━━━━━ Data extracts ━━━━━

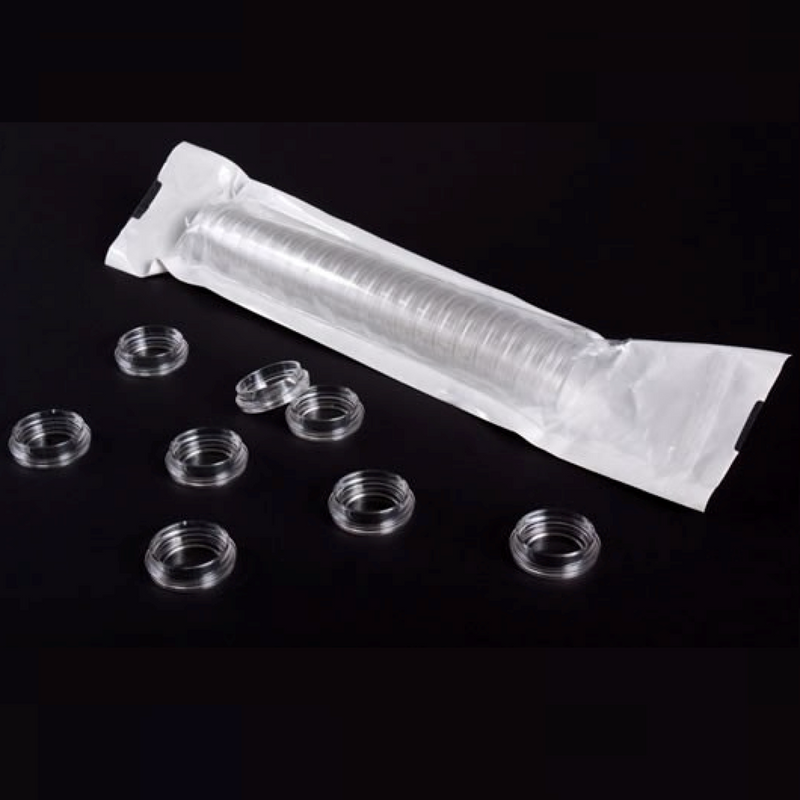 WillCo-dish glass bottom dishes, black-walled PS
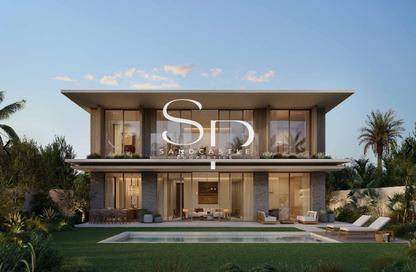 Villa - 5 Bedrooms - 7 Bathrooms for sale in Eden Hills - Mohammed Bin Rashid City - Dubai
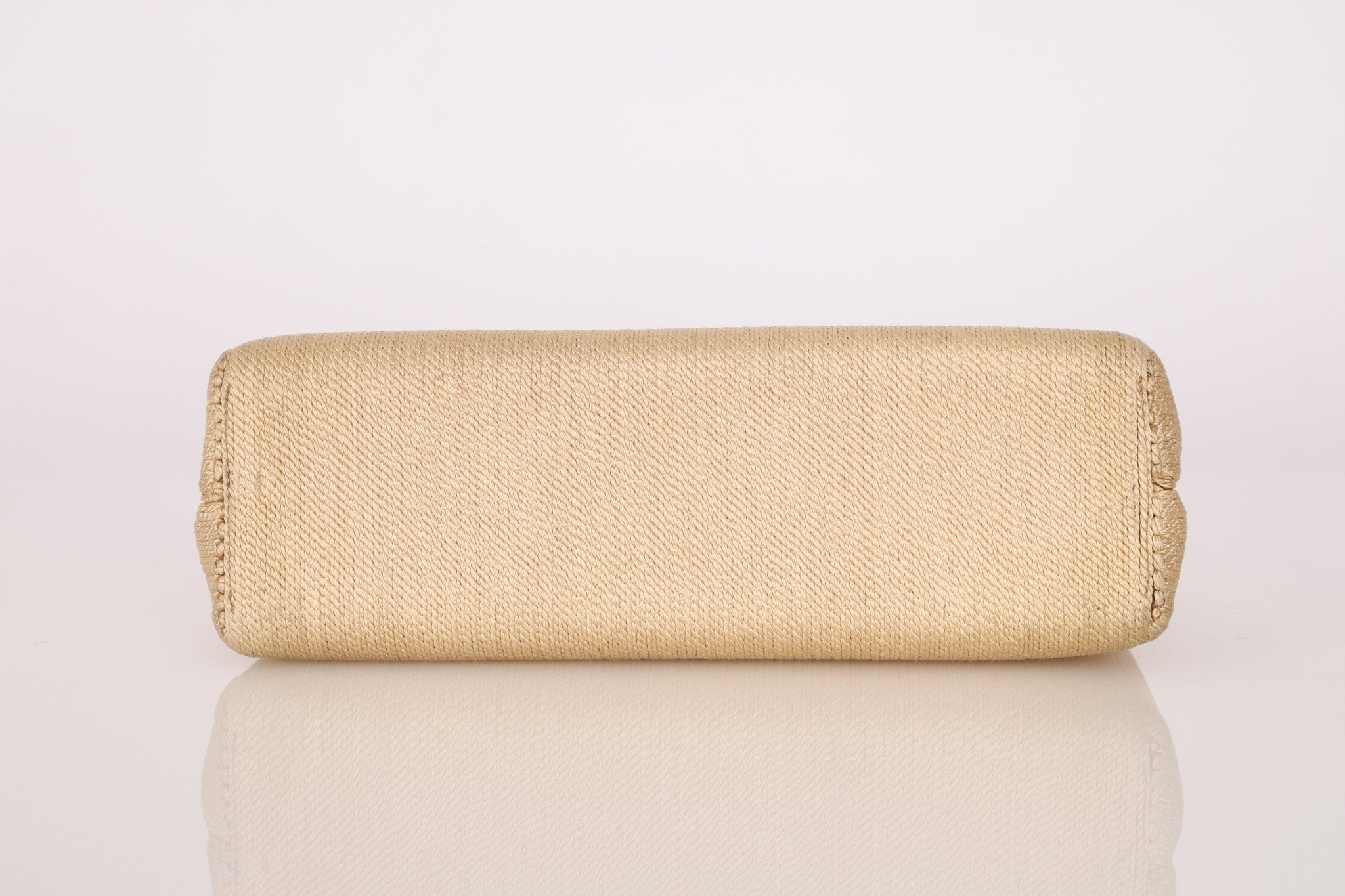 Ultra - Rare Chanel 1998 Vintage Cruise Rope Kelly 24K GP - FashioNica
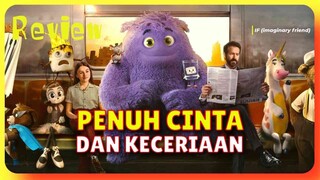 IF (imaginary friend) - MOVIE REVIEW, Kisah Mengharukan Penuh Imajinasi dan Harapan!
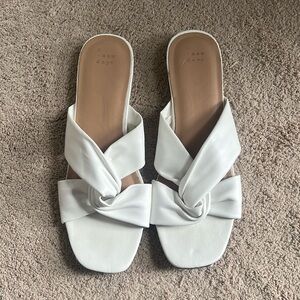 Knotted Slide Sandal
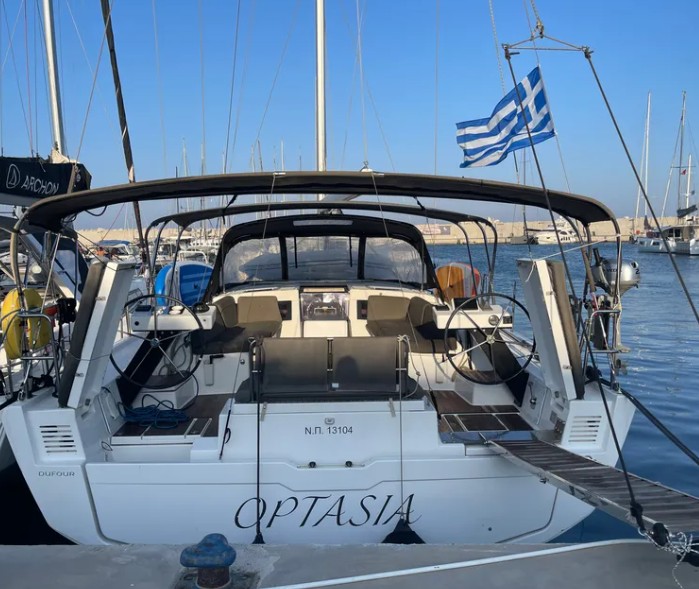 Photo #1 - Dufour 470 (Optasia) en Rhodes - 54330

━━━━━

Print the lines from the one holding "Villa - 5 Bedrooms" through the last line of the records, word for word, and omit the pictures.

#### [Solution]
 Villa - 5 Bedrooms - 7 Bathrooms for sale in Eden Hills - Mohammed Bin Rashid City - Dubai
 Ultra - Rare Chanel 1998 Vintage Cruise Rope Kelly 24K GP - FashioNica
 IF (imaginary friend) - MOVIE REVIEW, Kisah Mengharukan Penuh Imajinasi dan Harapan!
 Knotted Slide Sandal
 Photo #1 - Dufour 470 (Optasia) en Rhodes - 54330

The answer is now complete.